__What you have to do__
Take the line containing "Pair of vintage ceramic hand bookends" as the first and the last line of the records below as the end, and please set down only what lies between them exactly, both ends included.

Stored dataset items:
====

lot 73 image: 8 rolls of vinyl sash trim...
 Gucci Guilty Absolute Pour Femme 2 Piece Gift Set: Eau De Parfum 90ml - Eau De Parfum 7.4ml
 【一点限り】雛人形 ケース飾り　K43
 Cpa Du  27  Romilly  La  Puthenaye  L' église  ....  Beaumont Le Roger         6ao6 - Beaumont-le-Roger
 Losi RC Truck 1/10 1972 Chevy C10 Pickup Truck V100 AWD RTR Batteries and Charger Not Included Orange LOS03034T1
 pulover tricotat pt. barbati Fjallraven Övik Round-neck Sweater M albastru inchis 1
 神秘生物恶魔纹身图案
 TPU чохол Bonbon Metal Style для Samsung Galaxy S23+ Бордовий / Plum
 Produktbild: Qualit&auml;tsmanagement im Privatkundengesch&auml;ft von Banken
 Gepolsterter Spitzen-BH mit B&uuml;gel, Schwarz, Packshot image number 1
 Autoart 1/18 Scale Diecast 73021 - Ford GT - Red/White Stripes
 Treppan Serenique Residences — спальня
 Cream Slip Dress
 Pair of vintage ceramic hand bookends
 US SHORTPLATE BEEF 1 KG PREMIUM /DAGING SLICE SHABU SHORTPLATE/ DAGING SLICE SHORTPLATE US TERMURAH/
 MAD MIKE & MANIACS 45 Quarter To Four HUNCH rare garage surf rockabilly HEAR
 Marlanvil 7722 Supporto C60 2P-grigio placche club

====

__Reply__
 Pair of vintage ceramic hand bookends
 US SHORTPLATE BEEF 1 KG PREMIUM /DAGING SLICE SHABU SHORTPLATE/ DAGING SLICE SHORTPLATE US TERMURAH/
 MAD MIKE & MANIACS 45 Quarter To Four HUNCH rare garage surf rockabilly HEAR
 Marlanvil 7722 Supporto C60 2P-grigio placche club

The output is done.